Heute erzähle ich wiedermal eine Begebenheit aus der Babyzeit des Großen, die sich ins Gehirn eingebrannt hat, weil sie so charakterisch und kräftezehrend war. Er war ein knappes halbes Jahr alt, meine Eltern waren zu Besuch und wir machten einen Ausflug in den Tier- und Freizeitpark Germendorf, den wir schon kannten, bevor wir Eltern wurden. Eine Woche vor der Geburt des Großen waren wir hochschwanger dort gewesen und wussten, das nächste Mal würden wir mit einem Baby wiederkommen. So war es dann auch, nur dass alles ganz anders gekommen war, als wir es uns vorgestellt hatten.

Ich vermute mal, dass der Große auf der halbstündigen Fahrt im Auto etwas geschlafen hatte, obwohl er sich damit ja schwer tat und meist hysterisch schrie.

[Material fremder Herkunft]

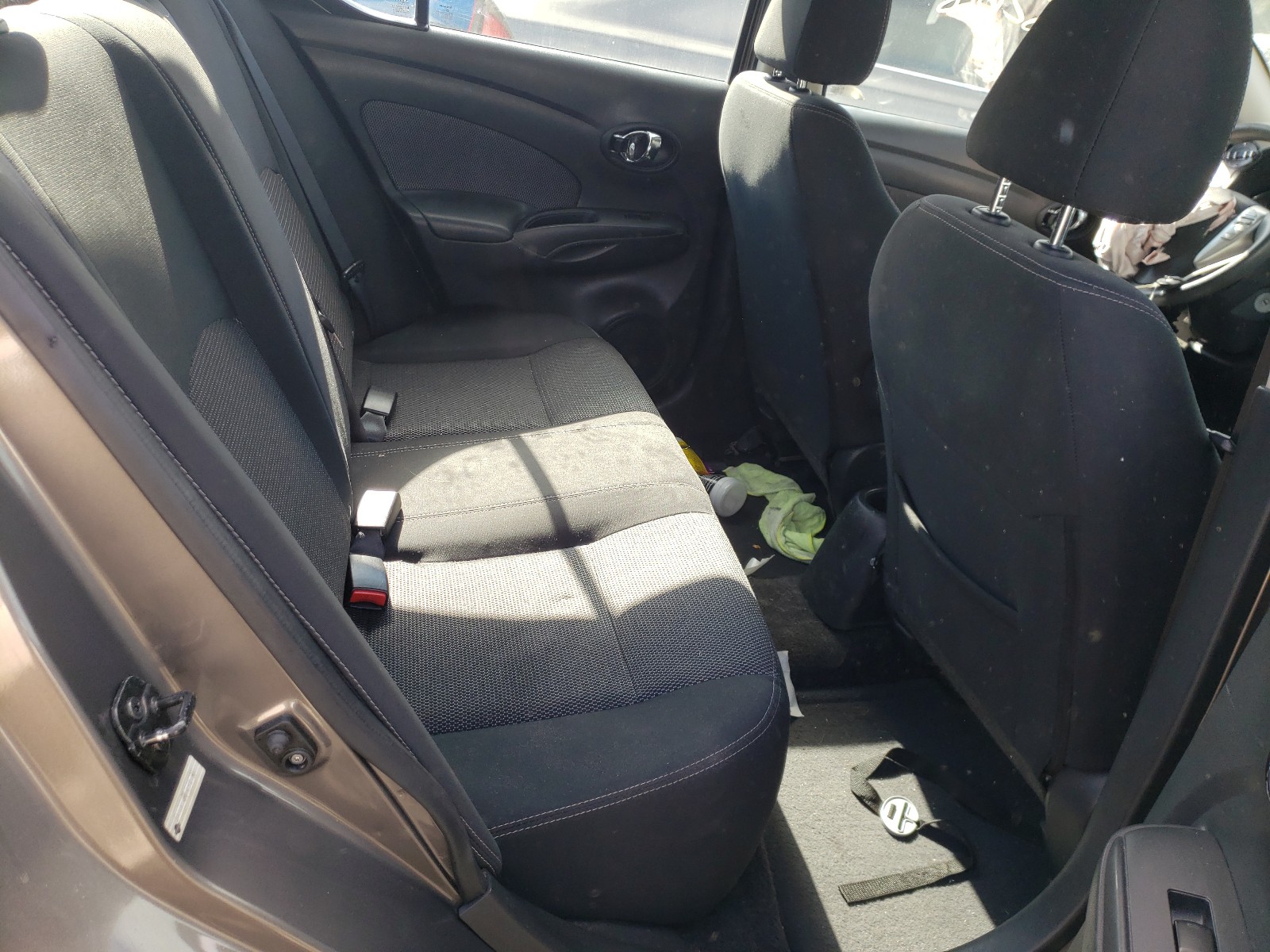 Photo 6 from auction – 2016 NISSAN VERSA S with VIN 3N1CN7AP0GL915790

Mit Sicherheit war der Schlaf wieder einmal zu kurz, er wachte ja auch sofort auf, wenn das Auto (oder der Kinderwagen) stehenblieb. Wir waren noch nicht lange im Freizeitpark, da wurde er schon wieder unruhig. Ich stillte, wir trugen ihn weiter herum, er wurde quengelig, ich stillte wieder, er zappelte, meine Eltern übernahmen, es half nichts, sobald man ihn in den Kinderwagen legte, fing er an zu schreien, wie üblich. Der Untergrund war leider sehr glatt, also nicht einschlafförderlich. Ich wollte ihn eigentlich durch das Stillen etwas dösig machen und dann auf dem Arm in den Schlaf schuckeln, so dass wir ihn in den Wagen legen könnten. Pustekuchen. Es war zu unruhig, zu fremd, zu viele Eindrücke, zuviel "Jetzt schlaf doch endlich!". Wir schirmten ihn ab, ich suchte mir ruhige Ecken, stillte immer wieder, aber es half alles nichts. Eltern verzweifelt, Großeltern hilflos. Wir wollten doch nicht schon wieder umkehren!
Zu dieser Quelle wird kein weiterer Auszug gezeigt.